* **Records supplied**:
BEGIN

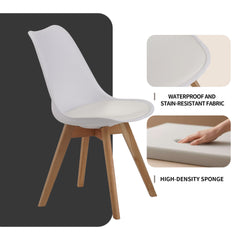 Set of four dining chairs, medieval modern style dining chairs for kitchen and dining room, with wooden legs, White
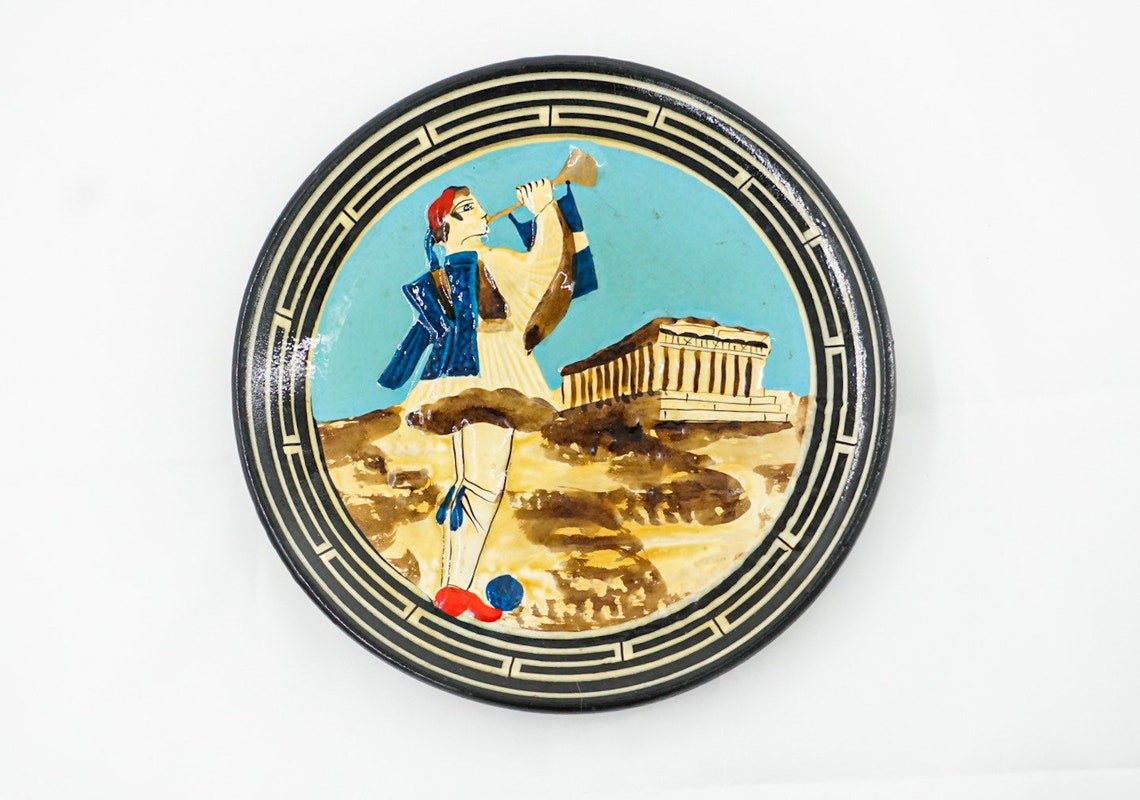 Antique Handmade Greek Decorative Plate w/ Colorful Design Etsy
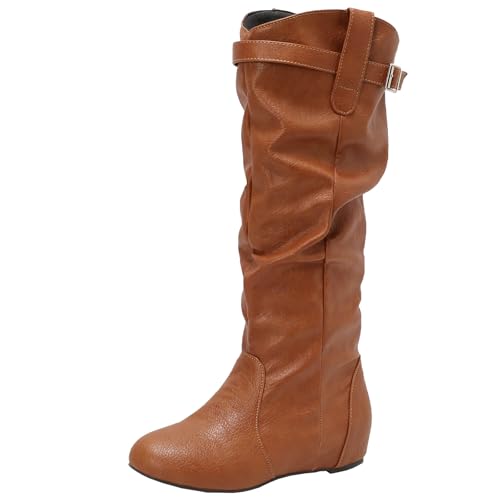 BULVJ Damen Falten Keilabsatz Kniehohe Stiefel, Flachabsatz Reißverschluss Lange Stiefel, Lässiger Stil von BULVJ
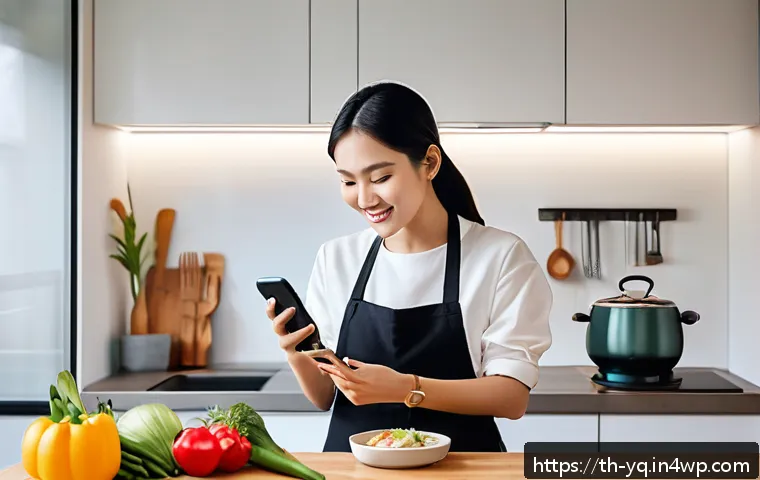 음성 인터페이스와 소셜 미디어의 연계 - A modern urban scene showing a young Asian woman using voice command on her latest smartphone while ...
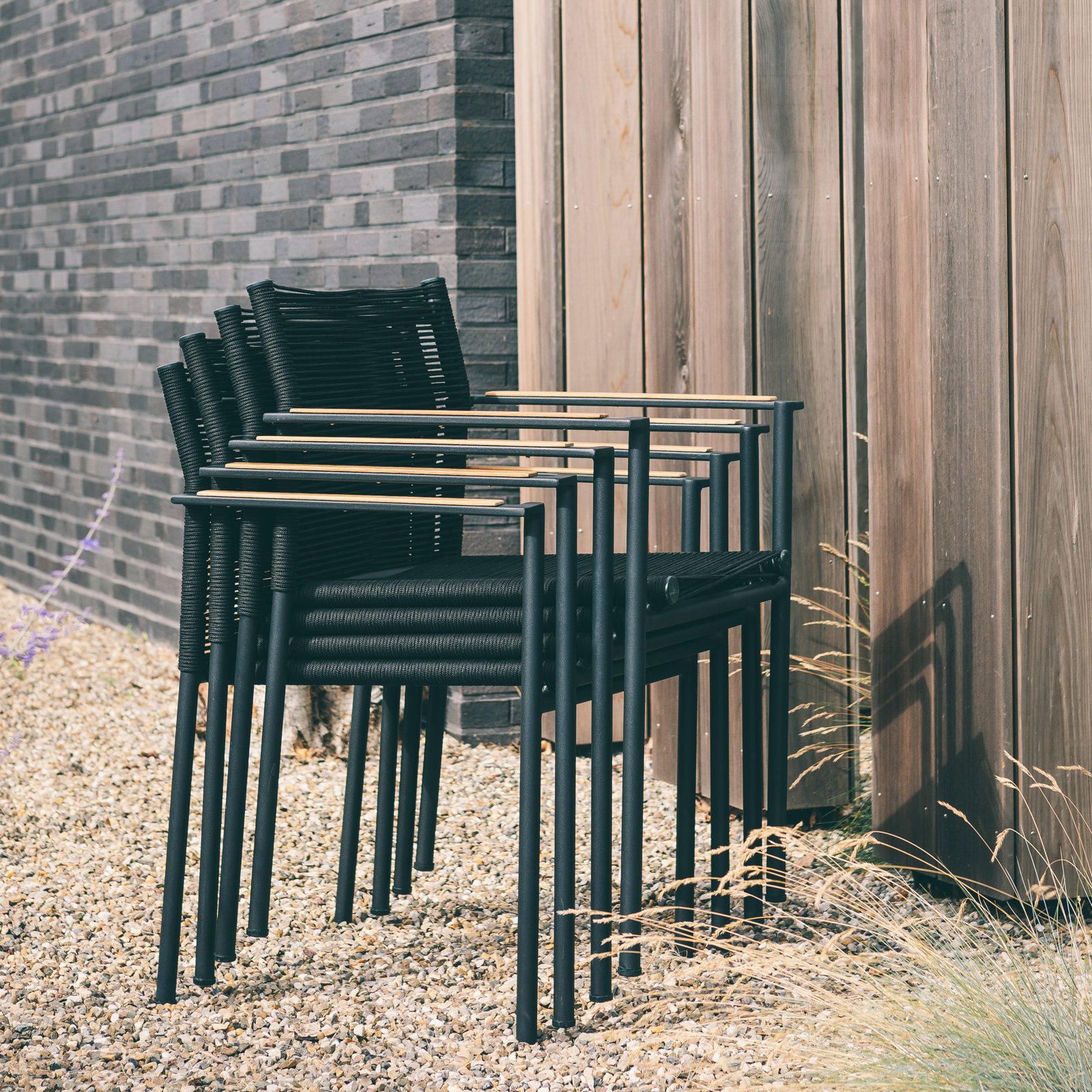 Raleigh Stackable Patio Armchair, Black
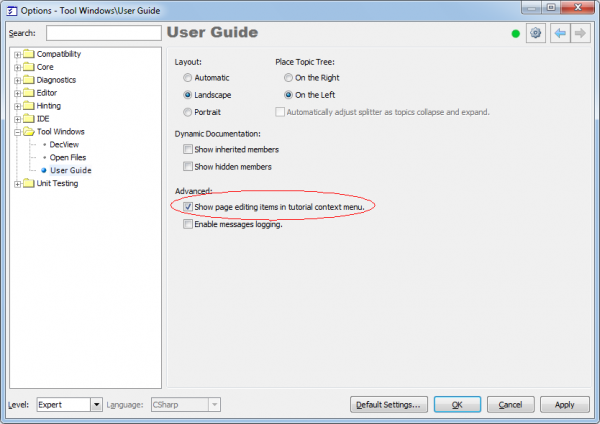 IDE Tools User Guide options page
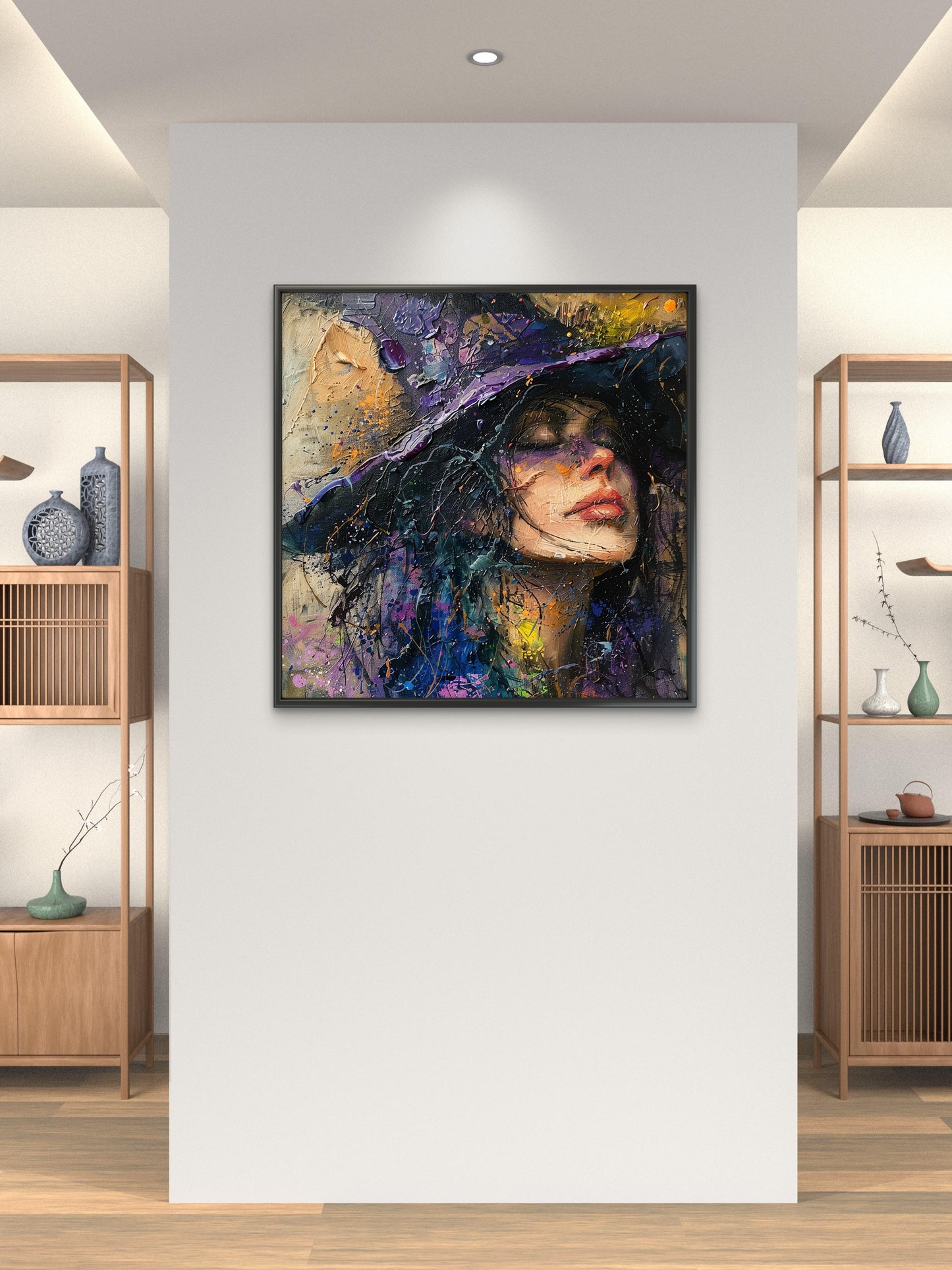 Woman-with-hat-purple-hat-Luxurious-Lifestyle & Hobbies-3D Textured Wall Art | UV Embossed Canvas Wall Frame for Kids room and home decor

END
BEGIN

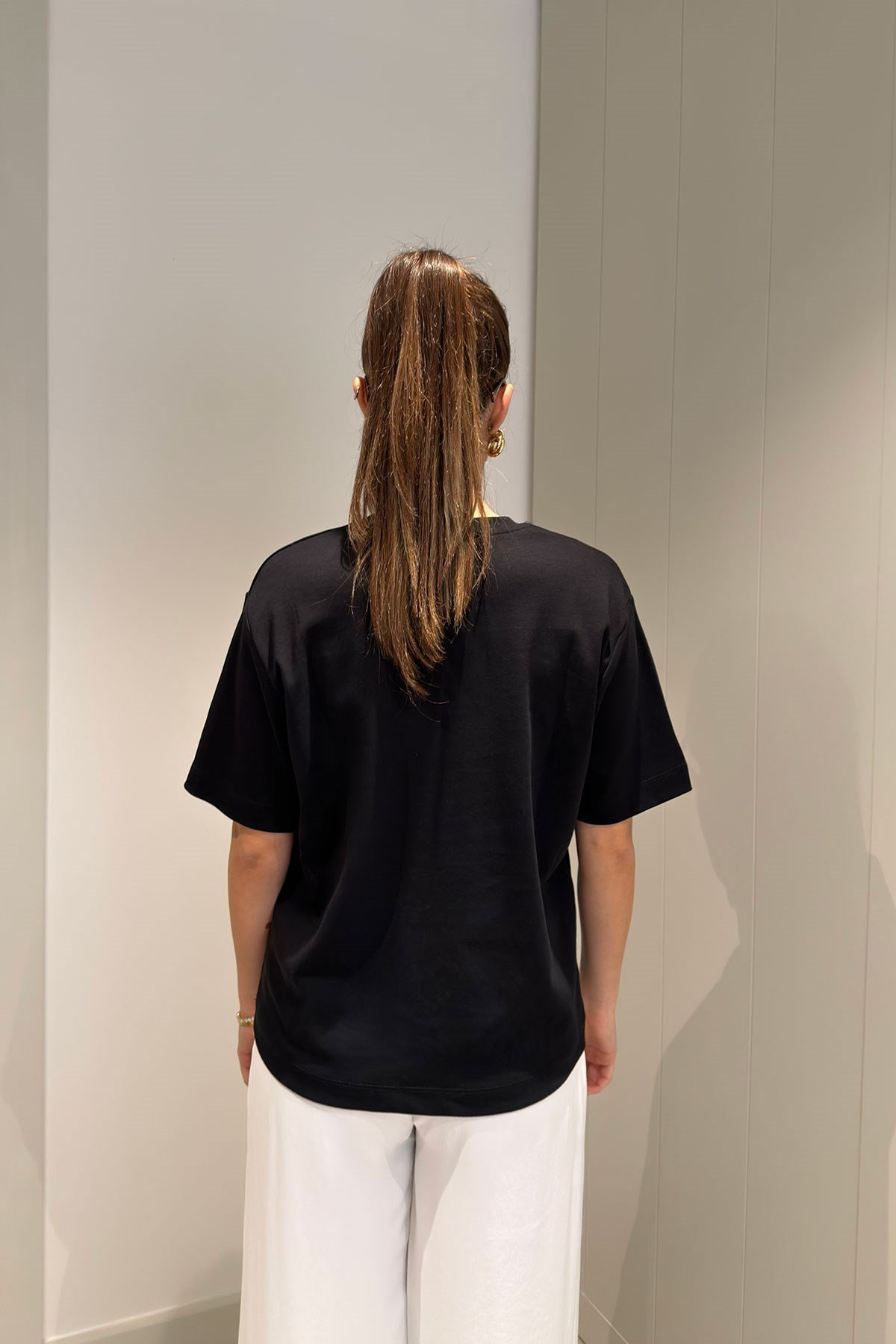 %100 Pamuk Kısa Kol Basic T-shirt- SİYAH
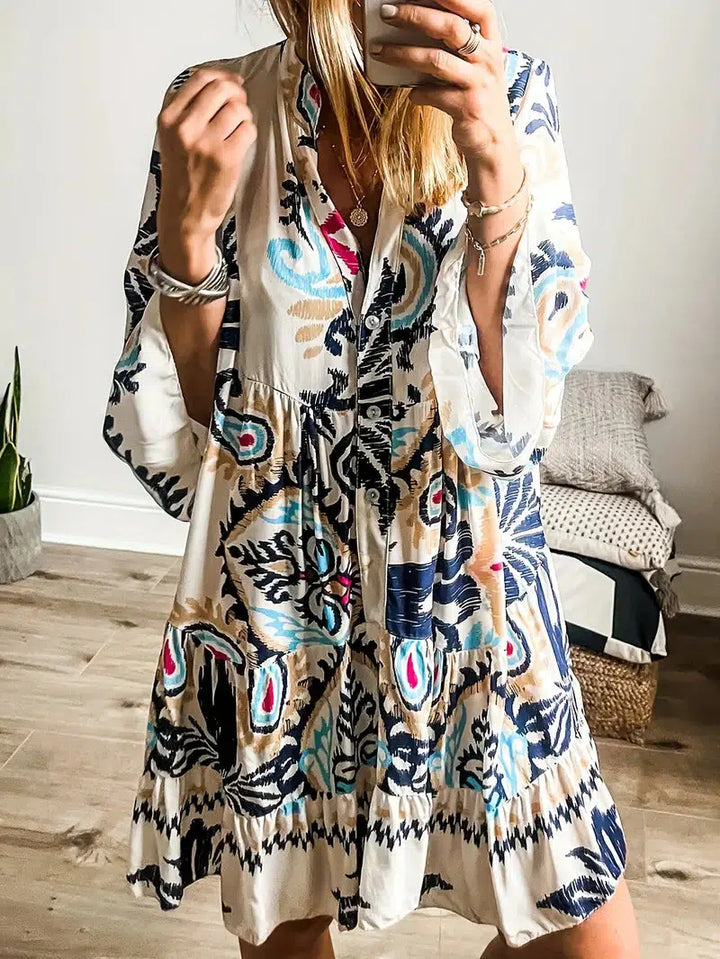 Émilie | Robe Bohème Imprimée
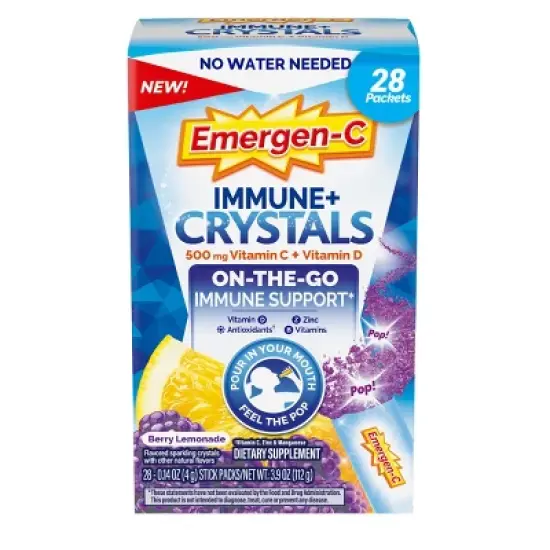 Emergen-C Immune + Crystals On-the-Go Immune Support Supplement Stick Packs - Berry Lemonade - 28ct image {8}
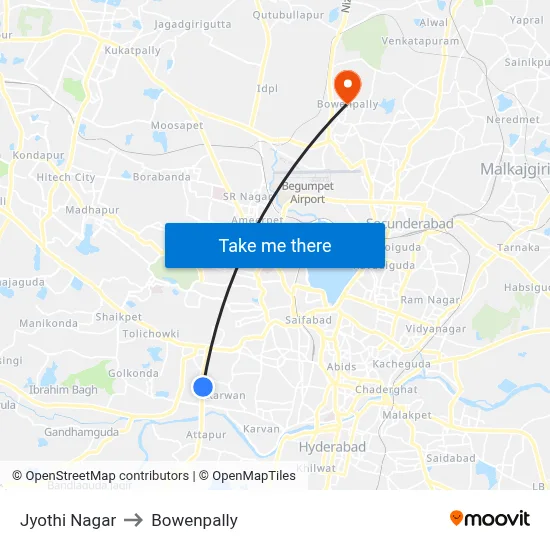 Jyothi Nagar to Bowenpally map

END

* **How to complete this task**:
Above are the records. Copy only the lines from the one with "Set of four" through the one with "Woman-with-hat-purple-hat-Luxurious-Lifestyle & Hobbies-3D", exactly, with no pictures.

* **The completed task**:
 Set of four dining chairs, medieval modern style dining chairs for kitchen and dining room, with wooden legs, White
 Antique Handmade Greek Decorative Plate w/ Colorful Design Etsy
 BULVJ Damen Falten Keilabsatz Kniehohe Stiefel, Flachabsatz Reißverschluss Lange Stiefel, Lässiger Stil von BULVJ
 음성 인터페이스와 소셜 미디어의 연계 - A modern urban scene showing a young Asian woman using voice command on her latest smartphone while ...
 Raleigh Stackable Patio Armchair, Black
 IDE Tools User Guide options page
 Woman-with-hat-purple-hat-Luxurious-Lifestyle & Hobbies-3D Textured Wall Art | UV Embossed Canvas Wall Frame for Kids room and home decor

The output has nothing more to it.